Nosso cérebro encurta caminhos, criando catálogos de grupos, generalizando-os, formando estereótipos com base em marcas atribuídas aos diversos grupos sociais, seja na sociedade ou na selva. Isso foi muito útil nos tempos dos caçadores-coletores, mas no tempo da urbe, pode ser perigoso. No aspecto hollywoodiano, filmes, series, quadrinhos e a mídia em geral funcionam usando esses estereótipos para gerar identificação ou criar ódios. A exemplo disso, temos: a asiática que luta artes marciais, o russo ou alemão mal encarado com uma cicatriz no rosto, clássico estereótipo de vilão da pior categoria, o homem forte com uma menor capacidade cognitiva, são dezenas. Até ai não há problema, são estratégias para que seja gerada familiaridade entre o consumidor e a obra, o problema, ao meu ver, está em começar a se atribuir valores e atitudes a pessoas por enquadrá-las em determinados grupos, sem justificativa. A piada da “loira burra” não funcionará se for contada ao russo ou ao alemão, pois esses grupos tem seus próprios estereótipos com os quais tiram sarro. 
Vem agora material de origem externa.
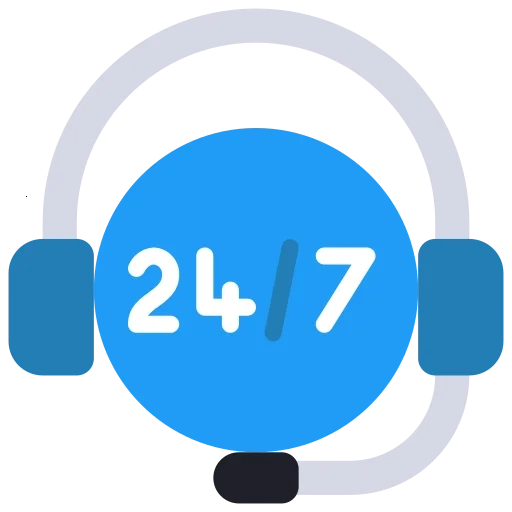 网赌软件24小时在线客服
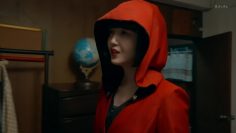 210610 Kuroshinri 08 – Nogizaka46 Kubo Shiori – HD.mp4-00001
É comum que ao se classificar pessoas, animais ou objetos se acentue a diferença entre eles, ignorando as particularidades do indivíduo e as diferenças internas de cada grupo, tá aí o problema da polarização política por exemplo, mas isso fica para outro artigo. Os pesquisadores Robert Rosenthal e Leonore Jacobson demonstram muito bem isso na experiência relatada em seu artigo, “Pygmalion in the classroom”. Um grupo de alunos, escolhidos aleatoriamente, foi posto em uma sala de aula e aos seus professores foi dito que aquele era o grupo mais promissor da turma. Após um ano dessa experiência o grupo, que foi escolhido aleatoriamente, realmente se tornou o grupo com as maiores médias escolares, o resultado foi atribuído ao aumento na autoconfiança dos alunos, que pensaram ser bons, e a atenção a mais que os professores davam aos alunos, pois aqueles achavam que este era o grupo promissor. 
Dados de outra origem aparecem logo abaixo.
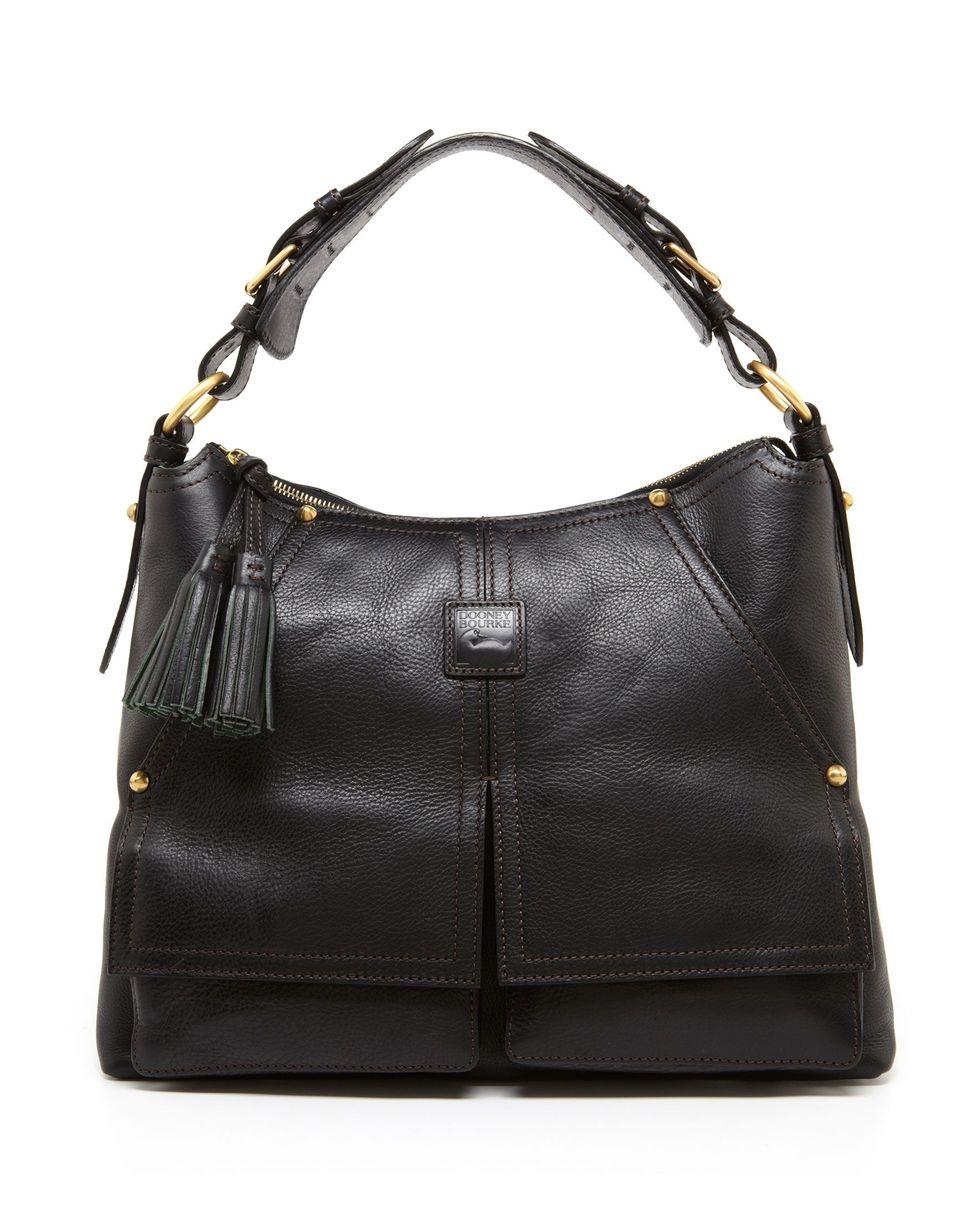 kingston hobo bag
A tábula rasa, tese de John Locke, se prova verdadeira quando pesquisas descobrem que crianças já conseguem diferenciar gênero e etnia a partir dos 6 meses de vida, já atribuem comportamentos a grupos aos dois anos e meio de vida e já reconhecem e demostram preferência a grupos privilegiados com três anos. A frase “uma sociedade racista gera crianças racistas” nunca se provou mais correta. Ainda no mérito de atribuir valores a grupos, sem justificativa, há o teste da boneca, que prova a veracidade dos fatos. Crianças de 3 a 4 anos tendem a preferir bonecas brancas a bonecas negras, atribuindo a estas características como: mais feias e mais malcomportadas. Isso ocorre porque parte do desenvolvimento infantil é observar e aprender com o mundo que veem a sua volta, numa demonstração clara de quão cruel é a nossa sociedade. Devido a isso, ensinar as crianças que o racismo existe e que algumas pessoas são discriminadas por pertencerem a certos grupos, mas que isso é errado, funciona muito melhor que simplesmente ignorar o mundo em que vivemos e não comentar a respeito.
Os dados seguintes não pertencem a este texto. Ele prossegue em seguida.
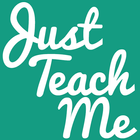 Just Teach Me آئیکن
O racismo enquanto perspectiva histórico-sociológica nasceu no século XIX, com os estudos antropométricos e as tentativas de se explicar o porquê de continentes como a África serem subdesenvolvidos e a Europa não. Derivados disso surgiram mais teorias, o darwinismo social, a eugenia e até os estudos de Cesare Lombroso, essas ideias surgiram do espírito da época, o zeitgeist hegeliano, apesar de terem sido científica e juridicamente superadas, ainda há resquícios delas na vida cotidiana. 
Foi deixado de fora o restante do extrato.